__What the task requires__:
When you reach the line containing "Wool Fechheimer Uniform Cap - Picture 8 of 8" in the data below, begin returning lines exactly as written, and stop once the line containing "McFarlane Toys - DC" has been returned.

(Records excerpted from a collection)
Segment Open
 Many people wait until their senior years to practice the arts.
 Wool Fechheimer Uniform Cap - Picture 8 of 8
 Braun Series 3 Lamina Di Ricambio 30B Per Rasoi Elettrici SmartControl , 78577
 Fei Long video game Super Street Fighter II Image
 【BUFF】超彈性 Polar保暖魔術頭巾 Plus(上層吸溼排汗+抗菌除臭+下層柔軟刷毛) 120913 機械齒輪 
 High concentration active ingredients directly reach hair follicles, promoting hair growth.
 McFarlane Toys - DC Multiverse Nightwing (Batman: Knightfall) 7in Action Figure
Segment Closed
Segment Open
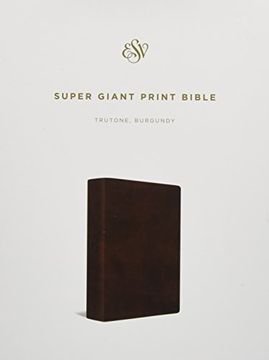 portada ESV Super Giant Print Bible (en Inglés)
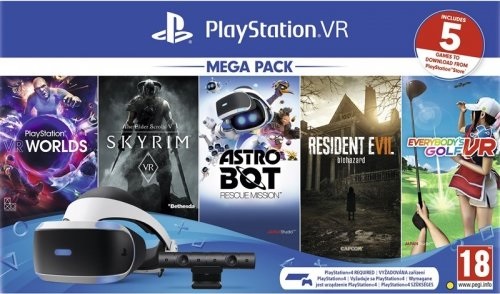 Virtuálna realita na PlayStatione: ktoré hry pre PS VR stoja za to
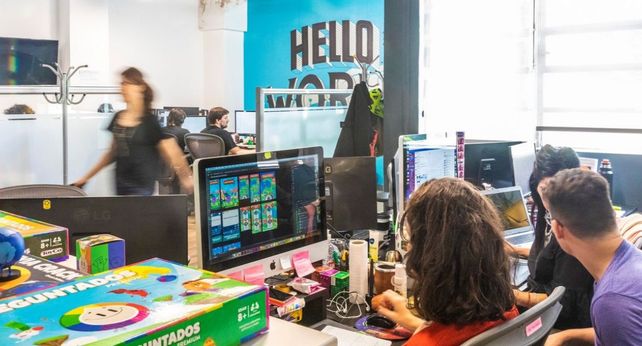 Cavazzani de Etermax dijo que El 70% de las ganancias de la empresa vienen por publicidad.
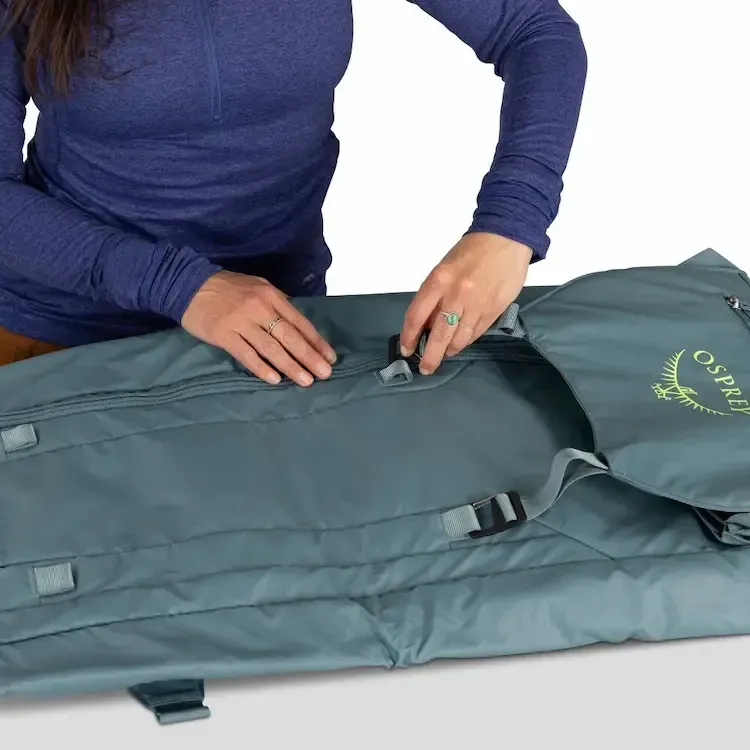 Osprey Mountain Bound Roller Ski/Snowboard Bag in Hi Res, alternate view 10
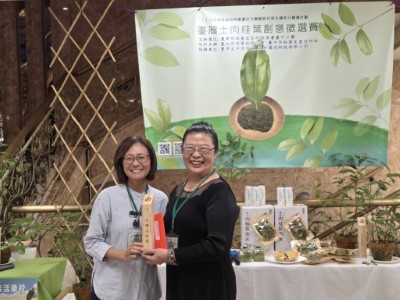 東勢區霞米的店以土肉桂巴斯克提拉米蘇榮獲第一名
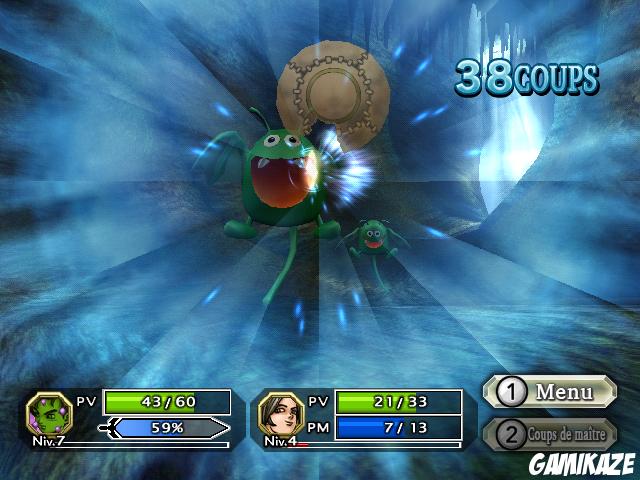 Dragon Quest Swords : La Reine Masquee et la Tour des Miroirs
Segment Closed
__Problem solution__:
 Wool Fechheimer Uniform Cap - Picture 8 of 8
 Braun Series 3 Lamina Di Ricambio 30B Per Rasoi Elettrici SmartControl , 78577
 Fei Long video game Super Street Fighter II Image
 【BUFF】超彈性 Polar保暖魔術頭巾 Plus(上層吸溼排汗+抗菌除臭+下層柔軟刷毛) 120913 機械齒輪 
 High concentration active ingredients directly reach hair follicles, promoting hair growth.
 McFarlane Toys - DC Multiverse Nightwing (Batman: Knightfall) 7in Action Figure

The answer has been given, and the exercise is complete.